Filmed shimmying up a cave wall in Ecuador, the catfish is likely a known species with a never before seen behavior, a new study says
Deep beneath the Amazon rain forest lives a cave-climbing fish—and scientists have captured it on film for the first time.
A team exploring limestone caves near Tena, Ecuador (map), found the gravity-defying fish scaling near-vertical rock walls some 10 feet (3 meters) above an underground stream.
They later identified the species as Chaetostoma microps, a member of the suckermouth armoured catfish family (Loricariidae), according a study published April 16 in the journal Subterranean Biology.

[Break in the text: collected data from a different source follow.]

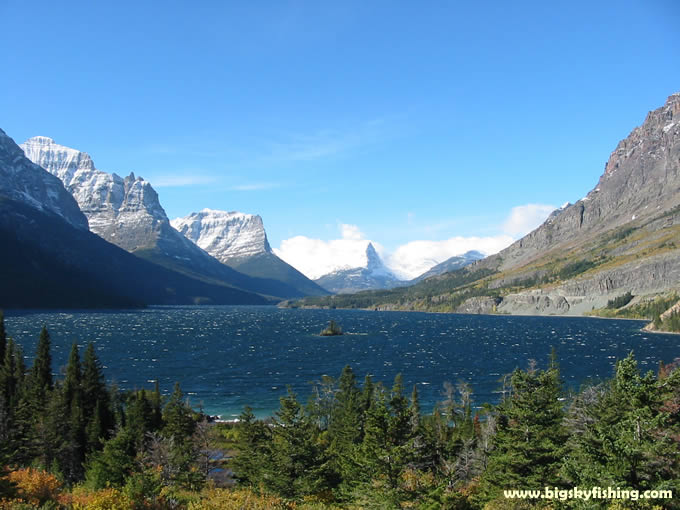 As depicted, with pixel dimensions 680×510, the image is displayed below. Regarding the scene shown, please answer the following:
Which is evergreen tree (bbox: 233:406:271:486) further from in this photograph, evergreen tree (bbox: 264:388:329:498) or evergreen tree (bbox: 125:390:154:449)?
evergreen tree (bbox: 125:390:154:449)

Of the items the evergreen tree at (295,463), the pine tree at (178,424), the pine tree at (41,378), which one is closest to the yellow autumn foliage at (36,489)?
the evergreen tree at (295,463)

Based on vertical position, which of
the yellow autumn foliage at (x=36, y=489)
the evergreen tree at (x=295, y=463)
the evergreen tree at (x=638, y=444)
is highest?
the evergreen tree at (x=638, y=444)

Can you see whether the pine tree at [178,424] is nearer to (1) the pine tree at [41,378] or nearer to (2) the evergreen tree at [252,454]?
(2) the evergreen tree at [252,454]

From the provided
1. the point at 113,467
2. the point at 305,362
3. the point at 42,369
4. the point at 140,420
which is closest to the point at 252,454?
the point at 113,467

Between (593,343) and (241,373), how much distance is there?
437 feet

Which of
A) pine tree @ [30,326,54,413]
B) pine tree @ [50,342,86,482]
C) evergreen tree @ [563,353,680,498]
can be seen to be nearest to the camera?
evergreen tree @ [563,353,680,498]

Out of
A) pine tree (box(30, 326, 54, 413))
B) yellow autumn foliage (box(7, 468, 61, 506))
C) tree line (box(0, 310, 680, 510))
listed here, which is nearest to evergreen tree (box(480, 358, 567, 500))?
tree line (box(0, 310, 680, 510))

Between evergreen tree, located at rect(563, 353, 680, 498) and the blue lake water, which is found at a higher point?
evergreen tree, located at rect(563, 353, 680, 498)

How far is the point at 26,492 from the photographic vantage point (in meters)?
24.6

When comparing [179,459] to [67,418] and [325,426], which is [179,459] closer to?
[67,418]

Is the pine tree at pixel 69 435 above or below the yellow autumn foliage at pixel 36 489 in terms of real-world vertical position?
below

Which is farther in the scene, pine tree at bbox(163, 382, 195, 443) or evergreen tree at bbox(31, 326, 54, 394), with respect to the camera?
evergreen tree at bbox(31, 326, 54, 394)

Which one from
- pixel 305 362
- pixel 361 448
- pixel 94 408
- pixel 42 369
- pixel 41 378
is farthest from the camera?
pixel 305 362

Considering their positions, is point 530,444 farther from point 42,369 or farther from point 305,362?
point 305,362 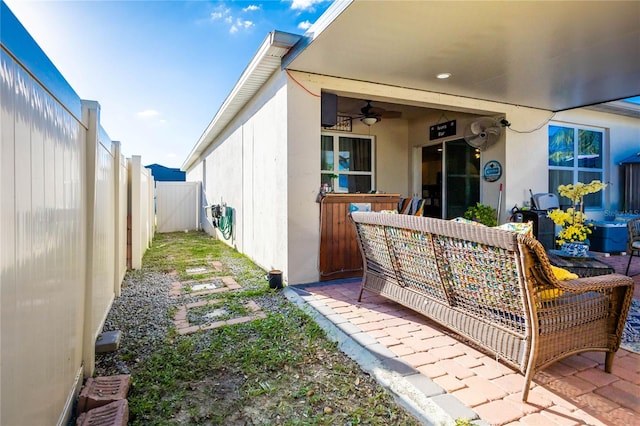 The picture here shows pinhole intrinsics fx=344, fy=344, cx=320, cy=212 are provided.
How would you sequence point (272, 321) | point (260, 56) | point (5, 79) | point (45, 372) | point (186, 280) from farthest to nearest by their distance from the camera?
1. point (186, 280)
2. point (260, 56)
3. point (272, 321)
4. point (45, 372)
5. point (5, 79)

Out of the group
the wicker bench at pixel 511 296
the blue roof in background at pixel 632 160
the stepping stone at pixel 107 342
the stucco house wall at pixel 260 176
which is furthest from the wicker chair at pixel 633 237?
the stepping stone at pixel 107 342

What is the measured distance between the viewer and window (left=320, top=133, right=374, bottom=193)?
6766 millimetres

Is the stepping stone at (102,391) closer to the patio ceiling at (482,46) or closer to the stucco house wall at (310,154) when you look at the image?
the stucco house wall at (310,154)

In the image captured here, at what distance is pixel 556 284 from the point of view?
1.78 metres

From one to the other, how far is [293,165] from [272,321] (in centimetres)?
196

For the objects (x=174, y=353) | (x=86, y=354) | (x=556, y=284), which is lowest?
(x=174, y=353)

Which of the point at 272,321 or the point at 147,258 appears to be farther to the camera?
the point at 147,258

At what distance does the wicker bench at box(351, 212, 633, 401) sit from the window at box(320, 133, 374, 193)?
4.20m

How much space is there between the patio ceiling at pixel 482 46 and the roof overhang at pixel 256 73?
0.14 metres

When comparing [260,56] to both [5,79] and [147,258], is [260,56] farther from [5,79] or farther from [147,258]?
[147,258]

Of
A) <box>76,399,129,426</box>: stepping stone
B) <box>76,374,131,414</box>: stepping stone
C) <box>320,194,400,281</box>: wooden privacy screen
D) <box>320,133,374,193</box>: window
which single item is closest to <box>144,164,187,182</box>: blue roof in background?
<box>320,133,374,193</box>: window

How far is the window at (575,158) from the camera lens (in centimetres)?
688

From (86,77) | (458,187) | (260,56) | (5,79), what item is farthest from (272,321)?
(458,187)

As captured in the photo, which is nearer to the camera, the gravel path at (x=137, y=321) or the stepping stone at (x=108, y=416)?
the stepping stone at (x=108, y=416)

Although that identification isn't 100 percent certain—for one, the expedition team wasn't authorized collect animal specimens in the caves—C. microps has previously been recorded only in aboveground rivers, where it clings to rocks. (Also see "How Fish Evolved to Climb Waterfalls With Their Mouths.")
While climbing fish are nothing new, the only other cave climber known to study leader Geoff Hoese is a loach from Thailand dubbed the waterfall-climbing cave fish (Cryptotora thamicola).
This fish is able to climb rapids and waterfalls, but Hoese questioned whether it can negotiate "cave walls outside of the main stream flow, such as we observed here."